Connecting Magic Dynamics in Thermofield Double States to Spectral Form Factors

TL;DR

This paper establishes a theoretical link between the dynamics of quantum magic, quantified by stabilizer Renyi entropy, and spectral form factors in chaotic systems, demonstrated explicitly in the Sachdev-Ye-Kitaev model, revealing a transition governed by system temperature.

Contribution

It introduces a novel relation between stabilizer Renyi entropy dynamics and spectral form factors in chaotic quantum systems, with explicit analysis in the SYK model.

Findings

Stabilizer Renyi entropy saturation is governed by a first-order dynamical transition.

In the SYK model, the transition occurs at finite time at high temperature.
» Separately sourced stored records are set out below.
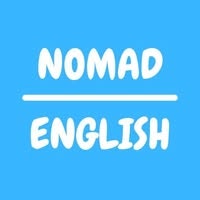 Nomad English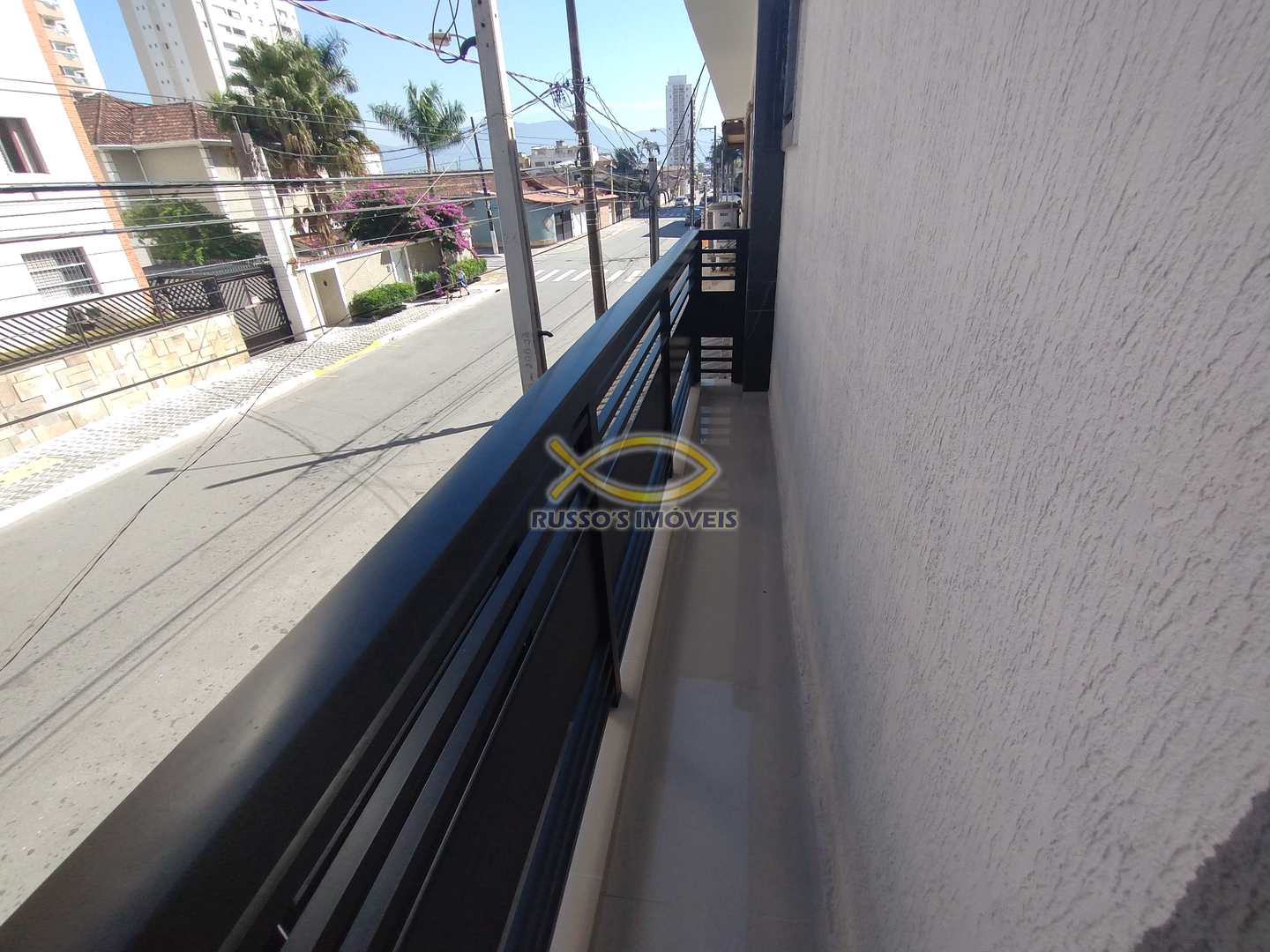 Sobrado à venda e aluguel com 3 quartos, 86m² - Foto 18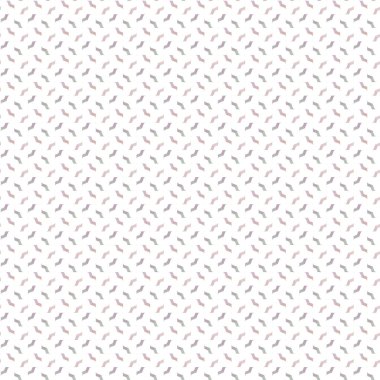 soyut desen çizimi, kusursuz arkaplan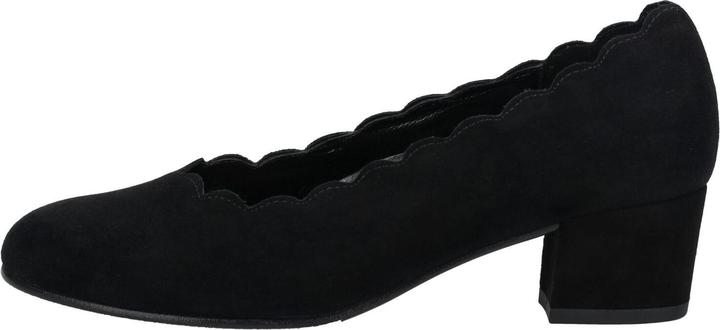Image du produit Gabor Pumps (40)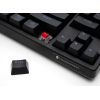 Клавіатура Thunderobot KG3089R Red Switch USB UA Black (6970796748391) зображення 7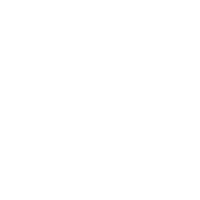 Apple service package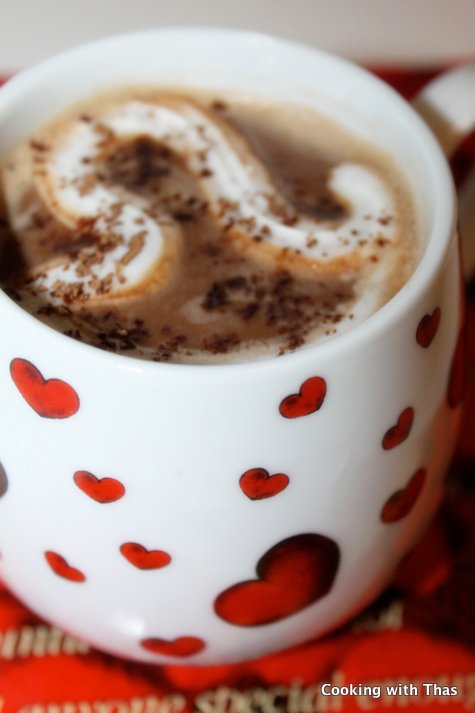 hot-cardamom-chocolate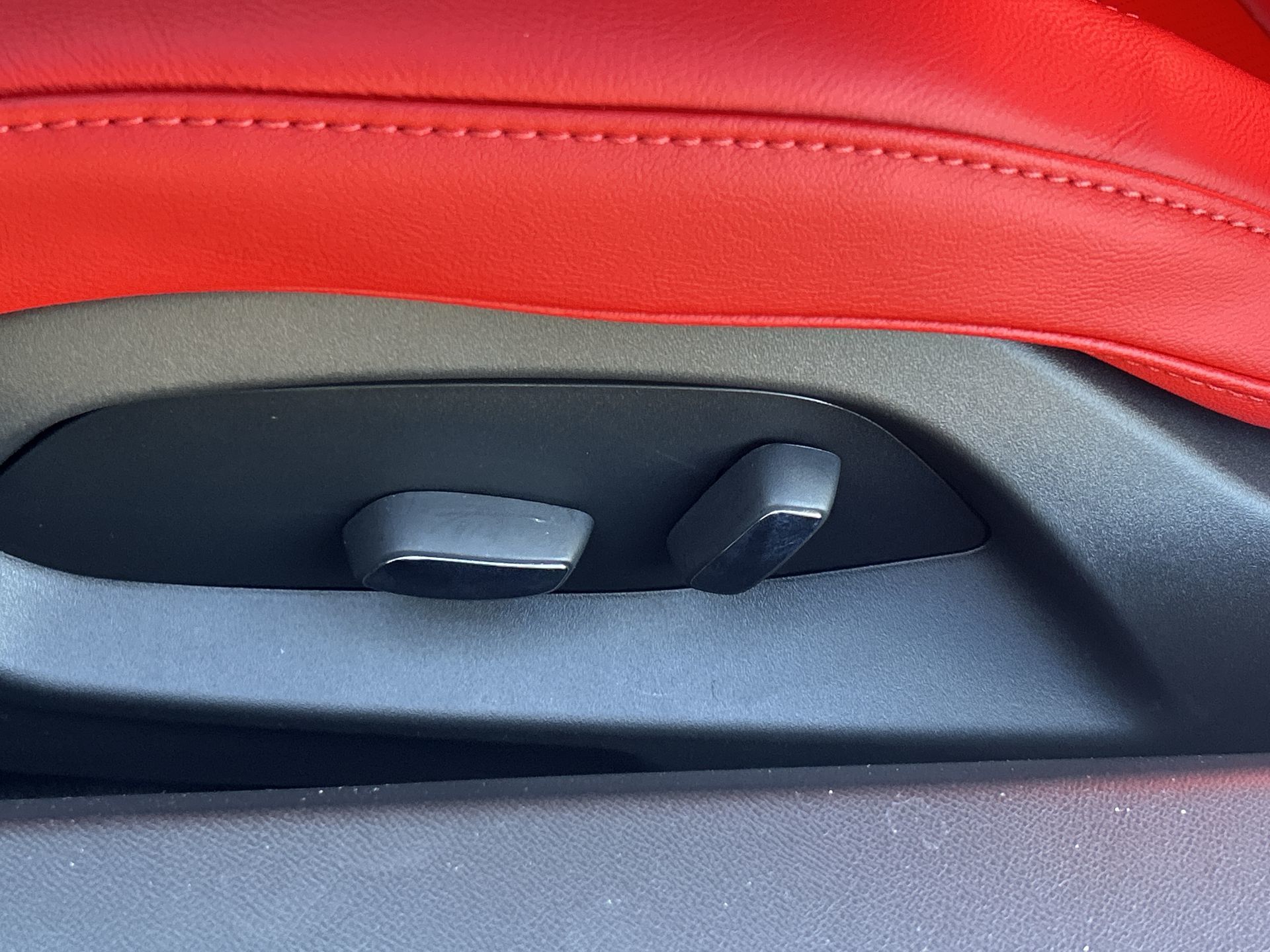 2026 Chevrolet Corvette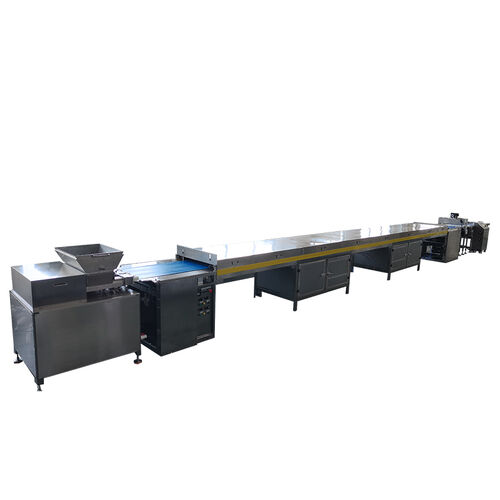 Jüngste Firmenblogs über Herausragende Leistung und herzlicher Service gewinnen Kundenvertrauen und eröffnen neue Möglichkeiten in - Argentinien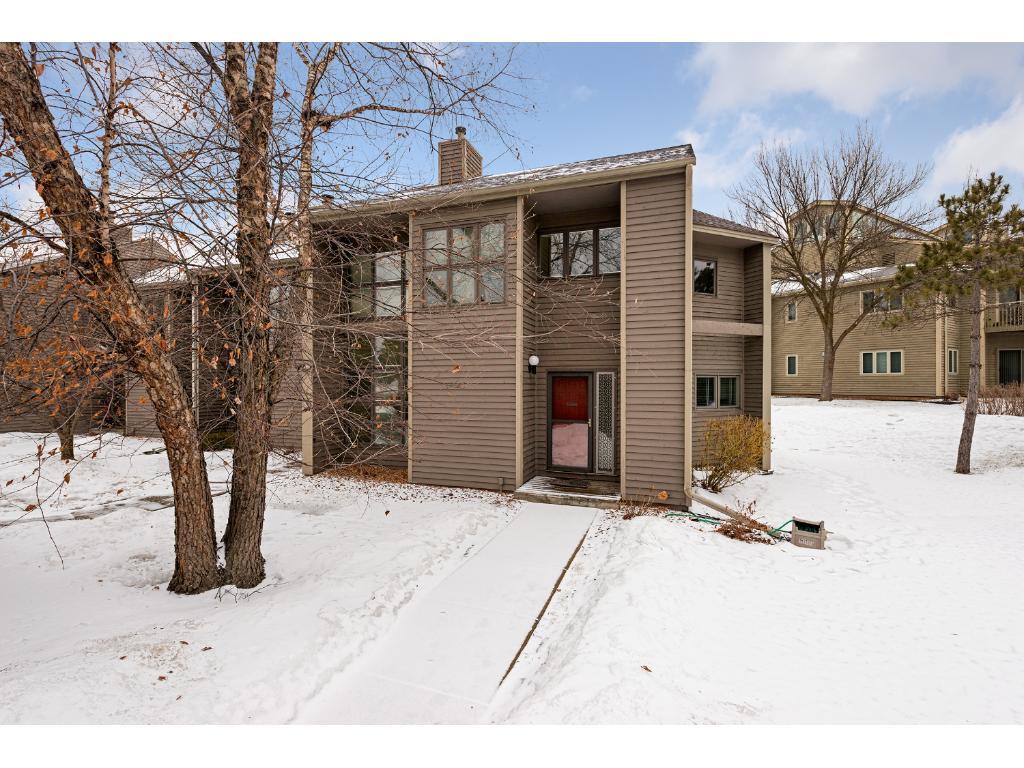 View of Residential at 1377 Spencer Road #1377, Saint Paul MN 55108, Saint Paul - Mike Wilen | Minnesota Team Real Estate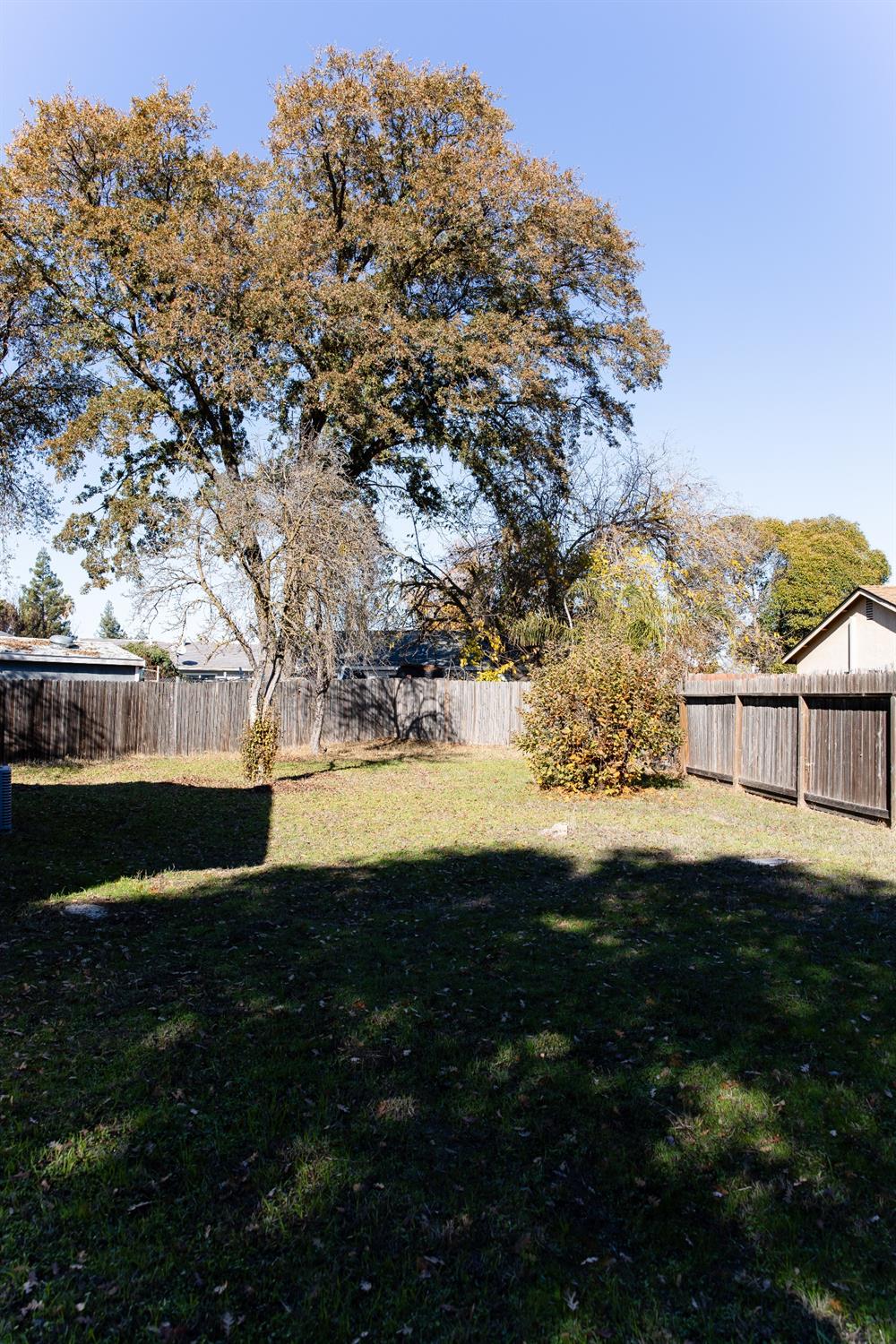 Detail Gallery Image 22 of 22 For 7933 Valley Green Dr, Sacramento,  CA 95823 - 3 Beds | 2 Baths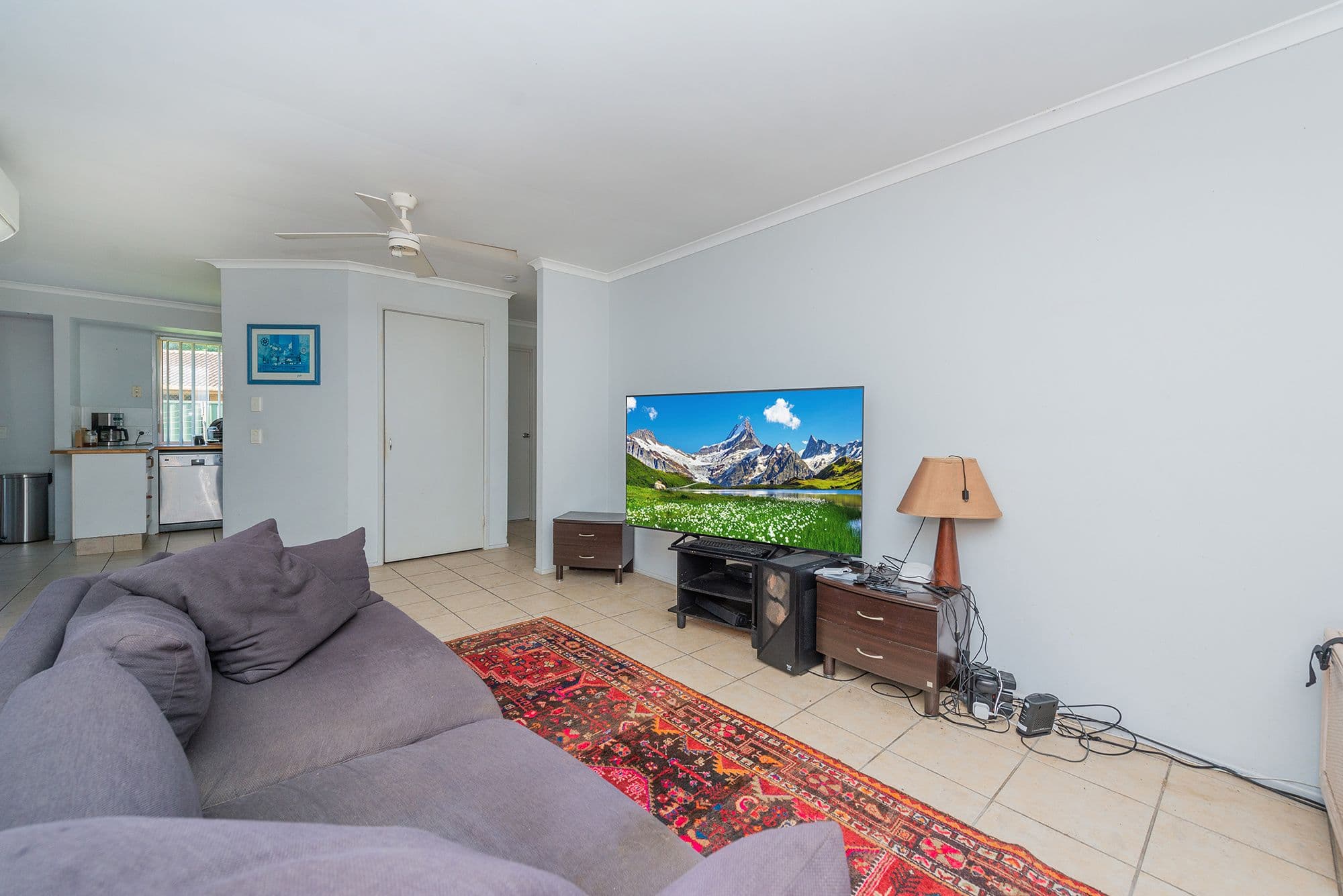 138 Hansford Road, Coombabah QLD 4216, Coombabah - Thumbnail 8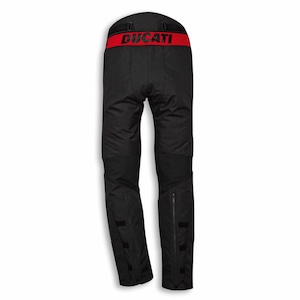 Tour C5 - ファブリックパンツ Lサイズ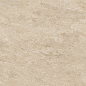 K948042R0001VTET Quarstone Бежевый Матовый R10B 7Рек 8мм 60x60 Vitra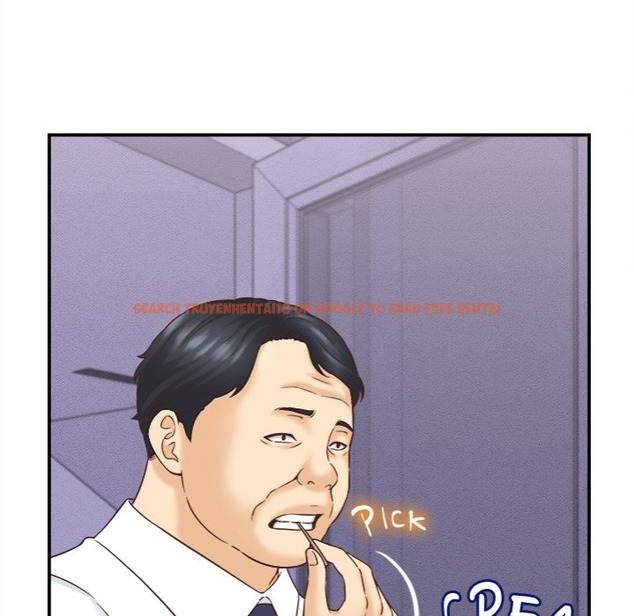 Read Hentai Image 99 37998 in comic Right Under His Roof - Chapter 13 - www.hentaitnt.net Read Hentai Image 99 37998 in comic Right Under His Roof - Chapter 13 - www.hentaitnt.net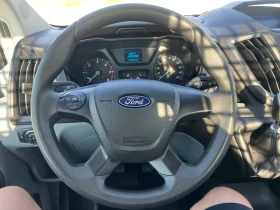 Ford Transit 2.0 --3.20 | Mobile.bg    17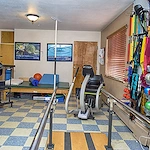 Image of Parkview Care Center (4)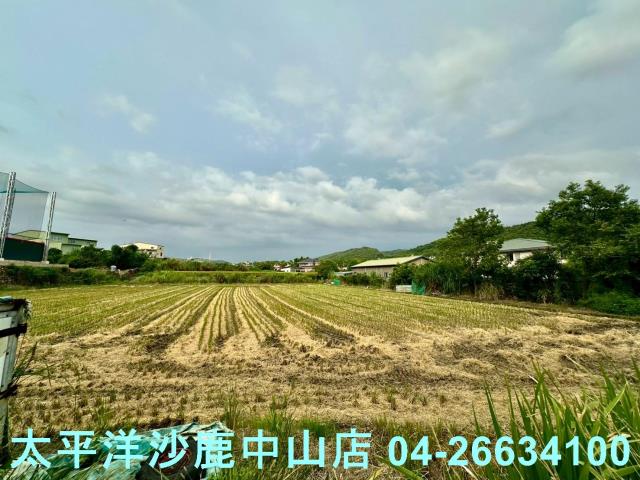 新竹農地-11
At low temperature, the transition time grows exponentially with system size.

Abstract

Under unitary evolution, chaotic quantum systems initialized in simple states rapidly develop high complexity, precluding any efficient classical description. Quantum chaos is traditionally characterized by spectral properties of the Hamiltonian, most notably through the spectral form factor, while the hardness of classical simulation within the stabilizer formalism, commonly referred to as quantum magic, can be quantified by the stabilizer R\'enyi entropy. In this Letter, we propose a relation between the dynamics of the stabilizer R\'enyi entropy for thermofield double states and the spectral form factor, based on general arguments for chaotic systems with all-to-all interactions. This relation implies that the saturation of the stabilizer R\'enyi entropy is governed by a first-order dynamical transition. We then demonstrate this relation explicitly in the Sachdev-Ye-Kitaev model, using an auxiliary-spin representation of the stabilizer R\'enyi entropy that exhibits an emergent $Z_2$ symmetry. We further find that, in the high-temperature regime of the SYK model, the transition occurs at a finite time, with the long-time phase marked by spontaneous $Z_2$ symmetry breaking. In contrast, at low temperatures, the transition is pushed to times exponentially long in the system size. Our results reveal an intriguing interplay between quantum chaos and quantum magic.